Even plants that thrive in full sun will often benefit from some midday shade during the summer months. There are a few ways in which you can provide this:
- Shade netting can be thrown over the sunniest side of your greenhouse and then removed when needed
- Shade paint can be applied to your greenhouse glass, but this will need to be washed off towards the end of summer
- Internal shade netting can be clipped into the interior of your greenhouse
- Strategic planting and planning can allow certain plants to provide shade to others
While you may need to try and minimise light exposure during the hottest parts of the summer, you’ll have the opposite problem in the winter months. There are numerous plants that you can grow in a greenhouse over the cold season, but they’ll all need plenty of light. A lack of natural light can be supplemented with grow lights, with simple fluorescent strips being one of the most popular options for greenhouse beginners.
Give Your Greenhouse Plants Enough Water
When growing plants outside, the rain will often take care of their water requirements. However, in a greenhouse, this is all left completely up to you.
Due to the extra heat, plants in a greenhouse tend to dry out much faster than those growing outside, meaning that they’ll need to be watered more often too. This doesn’t need to be complicated – it doesn’t take long to water a small greenhouse with a watering can or a garden hose. Make sure that you are regularly checking the soil to see how moist it is – it should never be allowed to fully dry out!
If you don’t have the time to regularly water your greenhouse, or if you simply keep forgetting, there are a number of greenhouse irrigation systems out there that you can look into. From overhead sprinklers to drip hoses, they each have their own pros and cons, so do some research before making your decision.
Regularly Check for Pests
Greenhouses are often rife with plant pests. These pests enter a greenhouse for some warmth and a quick snack, but then struggle to find their way out again.
Fortunately, many of these pests are easy to spot once you start looking. Red spider mites are one of the most common, and they leave a delicate webbing on the plants that they’ve been climbing over.

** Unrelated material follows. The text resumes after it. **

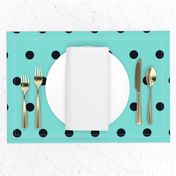 Polka Dot - Black on Turquoise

Whitefly is another common problem. These tiny white pests cause foliage to distort and wilt, but can clearly be seen clustering together on the undersides of leaves.
Staying in control over the growing conditions in your greenhouse, meaning ensuring that it isn’t too hot and that there’s proper ventilation, will help to prevent greenhouse pests from causing too much damage in the first place. Keeping your plants as healthy and as strong as possible will allow them to better defend themselves if any pests do start to attack.
However, if you notice an infestation, take note of all of the symptoms you spot. You’ll need to first identify the pest that you’re dealing with before looking into the different treatment options available. Don’t wait too long – greenhouse pests can quickly get out of hand and decimate all of the plants around them.
Ready to Get Growing?
It’s always important to take things slowly when you first start greenhouse gardening. Aim too high and you’ll end up feeling overwhelmed with all of the work that faces you throughout the growing season. Try to keep things as simple as possible for the first year or so – once you understand how to manage the different aspects of your greenhouse, from temperature and ventilation to pests and diseases, you can then branch out and take your greenhouse growing experience to the next level.